According to Waite, the location of the signs depended on the weather and snow conditions. After the assigned operator placed the cones and signs, she turned on the lift and watched the lift operate for two to three complete revolutions to make sure it worked properly and then made sure the handles were spaced evenly along the wire rope and checked the safety circuits at the top and bottom to make sure the lift stopped when the safety circuits were operated. Waite also stated that it was Toggenburg’s practice to operate the lift only when an operator was present at the operator’s station in the lift shack at the bottom of the run. He also noted that, based on where the accident occurred, the lift could have only been stopped if the lift operator activated the stop button. Thus, the Waite affidavit alone was sufficient to establish at a minimum a question of fact as to whether the lift was properly inspected before it opened to the public on the date of the accident; whether an operator was in the building at the base of the lift; and weather the “load here” sign was posted at the base.

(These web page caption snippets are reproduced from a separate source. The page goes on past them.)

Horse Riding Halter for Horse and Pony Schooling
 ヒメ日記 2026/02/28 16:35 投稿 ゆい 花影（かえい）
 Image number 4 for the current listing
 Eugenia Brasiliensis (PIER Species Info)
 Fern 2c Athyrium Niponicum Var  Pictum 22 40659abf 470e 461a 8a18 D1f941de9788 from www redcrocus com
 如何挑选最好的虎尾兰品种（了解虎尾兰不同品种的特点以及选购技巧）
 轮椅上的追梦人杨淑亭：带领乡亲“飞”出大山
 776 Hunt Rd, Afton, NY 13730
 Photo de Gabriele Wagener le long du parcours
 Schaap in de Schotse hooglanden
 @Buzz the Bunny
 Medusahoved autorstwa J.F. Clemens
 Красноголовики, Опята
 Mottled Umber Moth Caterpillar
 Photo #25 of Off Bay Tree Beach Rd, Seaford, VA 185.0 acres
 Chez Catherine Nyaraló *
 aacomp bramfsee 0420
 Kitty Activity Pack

The affidavit of Brian Heon indicated that he had worked for several years as a lift manager overseeing twenty lifts, including day to day operations. He was the Vice Chairman of NTSB/ANSI B77.1 which publishes standards for passenger tramways, including lifts like the handle tow involved here. He was also a member of the National Ski Areas Association and had been an instructor. He was familiar with the type of handle tow in this case.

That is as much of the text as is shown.